April 23 : 2009
Guillermo del Toro and the Gothic
There is a long article on Guillermo del Toro in the March/April 2009 issue of The Believer. That’s an upscale arts and culture magazine published by McSweeney’s. Charles Burns did the cover, so you know it’s a cool magazine. The article, “Cathedral Head,” is by Victoria Nelson. The title refers to a painting of a monster in one of GdT’s notebooks, which is reproduced here, albeit quite small.
There’s nothing on The Hobbit. Instead, Nelson sets out to analyze how gothic tendencies work their way through Guillermo’s films. She defines the term in two ways:
(1) What I like to call “Gothick,” the post-Enlightenment popular entertainments (bookended
by Horace Walpole’s 1764 The caste of Otranto and Charles Maturin’s Melmoth the Wanderer in 1820) that have morphed, through Victorian ghost stories and early twentieth-century pulp and comic-book horror, into today’s plethora of subgenres, including film, video games, “lifestyles,” and even new religious movements, and
(2) The actual historical period of the European Middle Ages, first dubbed “Gothic” (a word redolent of nasty barbarian Huns) by Renaissance architects anxious to distinguish their own work, inspired by Greek and Roman antiquity, from medieval sacred architecture.

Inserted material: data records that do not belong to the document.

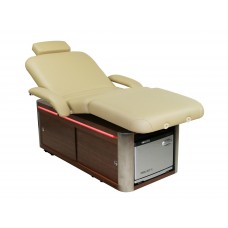 11395 Atlas Contempo Base Dual Pedestal Massage Table- Choose Color Please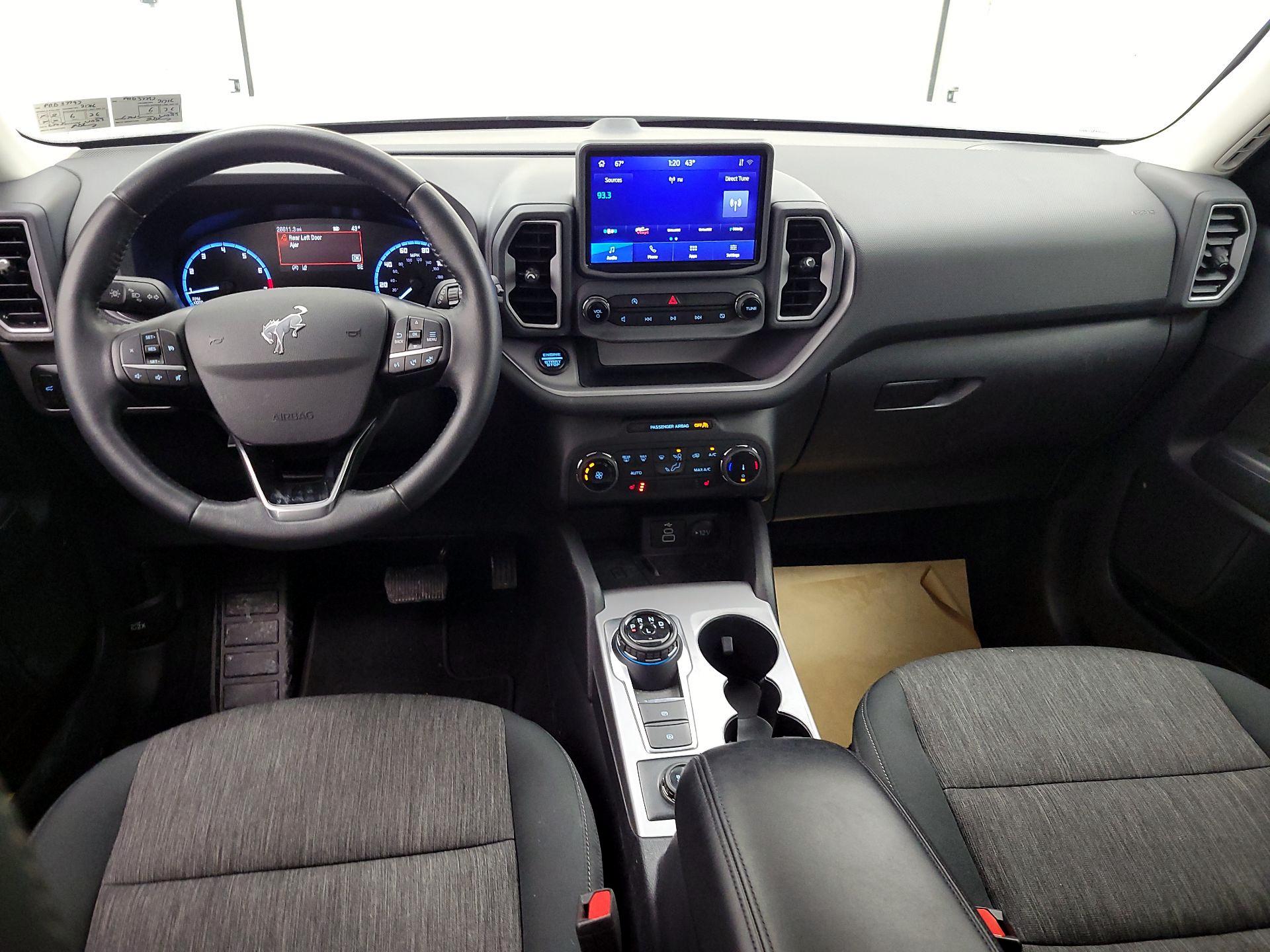 Thumbnail: 2023 Ford Bronco Sport - 9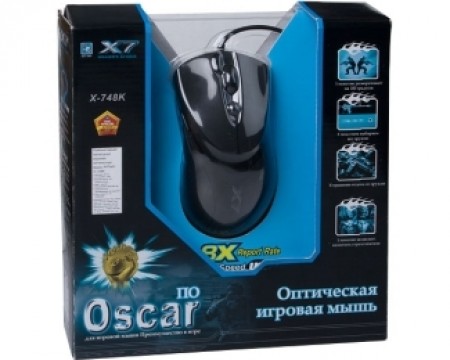 ETECH E-5050 PS2 YU crna tastatura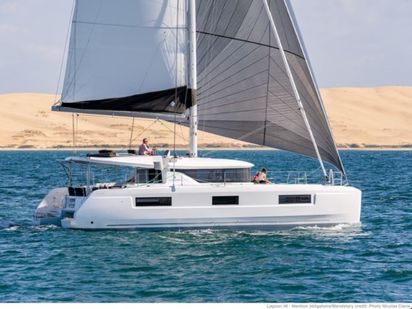 Catamaran Lagoon 46 · 2021 (0)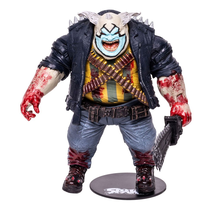 Spawn Action Figure The Clown (Bloody) 18cm
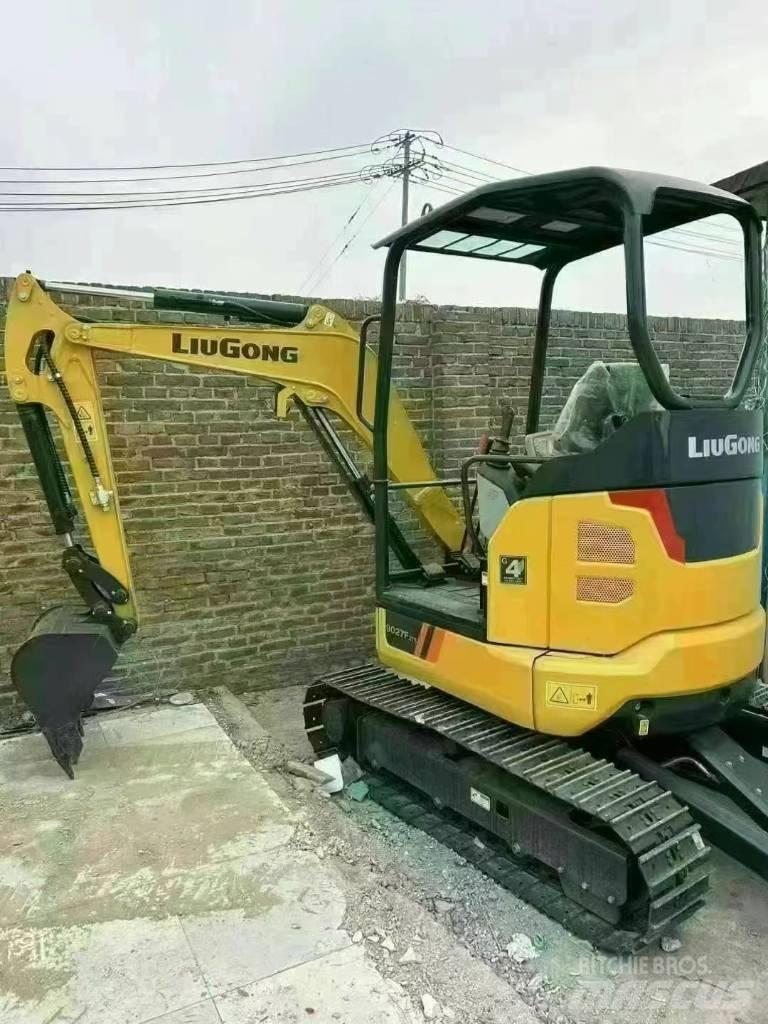 LiuGong 9027 FZTS Mini pelle < 7t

Nelson argues that Guillermo mixes both kinds of gothic(k) in his films, mixing quotes from the man himself liberally through her text. It’s a fascinating analysis, concentrating mostly on the Mexican films: Cronos, The Devil’s Backbone, and Pan’s Labyrinth. For those of you just catching up with Guillermo’s earlier films, either for their own sake or to get hints of how he might approach The Hobbit, her article makes for a good read. For GdT fans, it’s a must. I think Nelson helps explain how some of the distinctively eerie quality of the films works.
The article is only available in its entirety in the print version. The Believer shows up on magazine racks in chains like Borders and Barnes & Noble. You can also read the opening portion and order a copy online here. This is “The 2009 Film Issue,” and it also includes articles on Jonas Mekas, The Exorcist, Polish film posters (many of which looks like they were designed for GdT films), Mike Leigh, and others, as well as a DVD of short films by or about Jean-Luc Godard.